Serving the Quantitative Finance Community

 
User avatar
Zmey
Topic Author
Posts: 0
Joined: March 11th, 2002, 10:46 pm

PDF to text

March 11th, 2002, 11:17 pm

Hello,Just wondered if anyone has any tips handy how to translate Adobe Acrobat PDF documents into text files using C++/VBA? The problem I am trying to solve is automating data extraction from a large number of PDF files we receive every day.Thanks in advance!zmey@rocketmail.com
 
User avatar
ebifry
Posts: 0
Joined: December 9th, 2001, 8:34 am

PDF to text

March 22nd, 2002, 11:48 pm

There is a program

pdftotext

It is included in the xpdf package, it is opensource so you can look at the code.
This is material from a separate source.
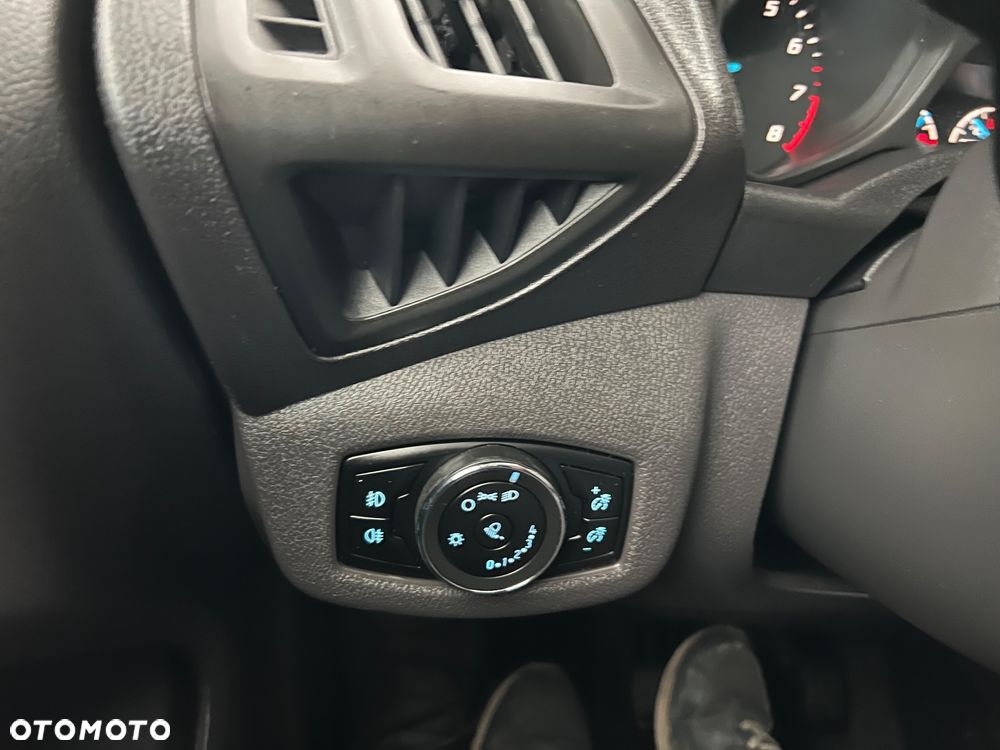 Ford Tourneo Connect 1.6 EcoBoost Titanium - 38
You might want to look at the code, it might give you some ideas. Apart from that I am sure there are commercial libraries you can use.

Cheers

Tony
 
User avatar
Zmey
Topic Author
Posts: 0
Joined: March 11th, 2002, 10:46 pm

PDF to text

March 25th, 2002, 1:48 pm

Thaks for the response! I'll check out the open-source code for XPDF. However, I tried "pdftotext" black-box copy and it appeared to produce random combination garbate files from the PDF's I have to deal with.

 
User avatar
ebifry
Posts: 0
Joined: December 9th, 2001, 8:34 am

PDF to text

March 25th, 2002, 9:38 pm

I have had the same experience with some pdf files. It seems to work for some files and not others. I haven't worked out the pattern for which files it works ok on and which one produces garbage.
Any success on tracking down any commercial libraries to do the job, I am sure Adobe has some.

Good luck!

Tony
 
User avatar
Paul
Posts: 7047
Joined: July 20th, 2001, 3:28 pm

PDF to text

March 25th, 2002, 10:23 pm

I would assume that it won't work for pdfs that the author has 'protected.'

P
 
User avatar
Russell
Posts: 1
Joined: October 16th, 2001, 5:18 pm

PDF to text

April 3rd, 2002, 11:05 am

Hi,

There is another way to do this, although please read the caveat below.

Send the pdf to pdf2html@adobe.com, or pdf2txt@sun.trace.wisc.edu, you will receive a reply in the chosen format.

Be aware that this resource is intended for use by people who might need pdf's translated into text in order to have the contents read back by text to speech programs. I'm sure that there is at present no particular strain on the resource, however I think if you are planning on performing the conversion on a frequent basis or for commercial benefit you should probably refrain from using it.

R